The issue made headlines last year when senior broadcaster Carrie Gracie quit her job as BBC China editor in a highly public protest at being paid less than her male counterparts.

This followed an outcry in 2017, when the BBC published a list of its best-paid on-air staff, revealing two-thirds were men, some of whom were paid far more than their female peers.

The Equality and Human Rights Commission (EHRC), which is looking at records dating back to January 2016, said the BBC had provided a large amount of information on its pay policies.

“Having reviewed all of the information … we suspect that some women at the organization have not received equal pay for equal work,” the EHRC said in a statement.
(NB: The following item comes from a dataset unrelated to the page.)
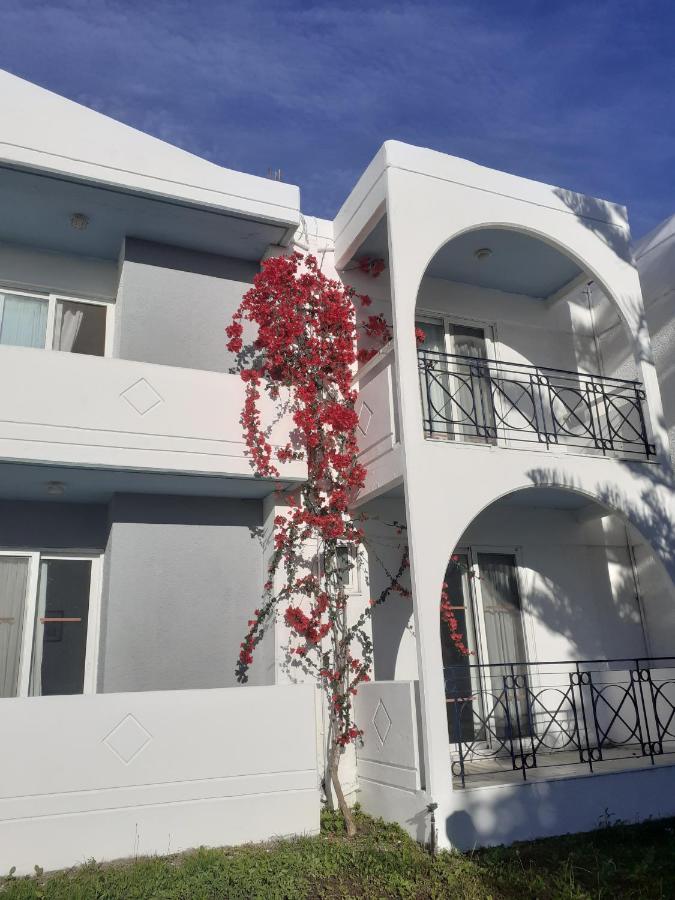 夏梦酒店 Theológos 外观 照片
The equality regulator, which acknowledged that the BBC had begun making reforms, will examine formal and informal pay grievances raised by staff and look at how they were resolved.

“Paying men and women the same salary for the same job has been a legal requirement for almost 50 years,” EHRC chief executive Rebecca Hilsenrath said in a statement.

The EHRC said it hoped to finish the investigation by the end of 2019.

Lawmaker Damian Collins, chairman of parliament’s media committee, welcomed the inquiry, saying it had been “a very distressing time for many BBC employees”.

BBC Director General Tony Hall said the organization had been through a “tremendous period of reform” and improvements had already been made.

“We try to be the gold standard of what everyone wants from society – openness, respect and equality,” he was quoted as saying on the BBC’s news site.

“We may not always succeed, but I am confident that we are a decent and fair employer.”

The BBC said in January 2018 it would implement “substantial” pay reductions for some men and pay increases for some men and women, following a report by auditors PricewaterhouseCoopers.

Britain enacted legislation outlawing sex discrimination in the 1970s and this was followed by an equality act in 2010.

But Sam Smethers, head of the Fawcett Society, a women’s rights charity which campaigns on equal pay, said pay discrimination was still common.

“We hope this results in lasting change at the BBC and acts as a warning to other employers too,” she said.